Двадцать семь поэтических сборников и только семь «невозможно нежных» стихотворений переведено на русский. Да, мне определённо есть над чем подумать. Для начала можно что-нибудь совсем коротенькое.

Но прежде, чем пробовать на язык испанский и погружаться в аргентинские реалии, — есть что после Хельмана подумать и о моей стране. 

Хуан Хельман в интервью газете Punto Final («Конечный пункт»), 26 февраля 1990 года.

«Главная цель диктатуры состояла не в том, чтобы покончить с герильей. Главной целью было истребить саму мысль о борьбе. А для этого требовалось, кроме всего прочего, посеять страх. Непреходящий, живущий до сих пор.

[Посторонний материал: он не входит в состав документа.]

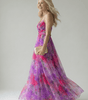 Robe Maxi Sans Manches à Imprimé pour Femme - Emilia Lane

Как от него избавиться, если убийцы и сейчас ходят по улицам среди нас? Сестра одного знакомого журналиста, пережившая лагерь, ждала автобус на остановке. Там к ней подошел один из палачей, которого она помнила в лицо, и сказал: «Видишь, мы снова на улицах».

У меня есть крайне прогрессивные знакомые, левые активисты, достойнейшим образом державшиеся во время военной диктатуры, которые теперь запрещают дочери-подростку участвовать в обычной студенческой демонстрации в университете. Помимо тридцати с лишним тысяч пропавших, у нас отняли и надежду на будущее». 

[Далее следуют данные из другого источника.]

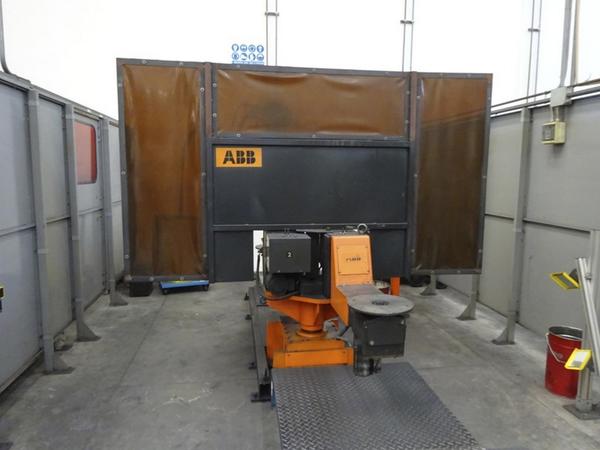 31#1838 Impianto robotizzato di saldatura Abb in vendita - foto 8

Перевод с испанского Марии Десятовой.

Basta! Хвала Хельману, искать достойный финал этой нахальной попытки торопливо пересказать большую жизнь мне не придётся.

С поэтами — очень просто. У них давно всё готово.

ЭПИТАФИЯ

Птица жила во мне.

Цветок расцветал в душе.

Скрипка пела в груди.

Любил, не любил. Порой

Бывал любим. Но всегда

Радовался весне,

Сплетённым крепко рукам.

Всегда говорил: человек, будь счастлив,

Будь счастлив, друг!

(Прохожий, под камнем сим

скрипка,

птица,

цветок.)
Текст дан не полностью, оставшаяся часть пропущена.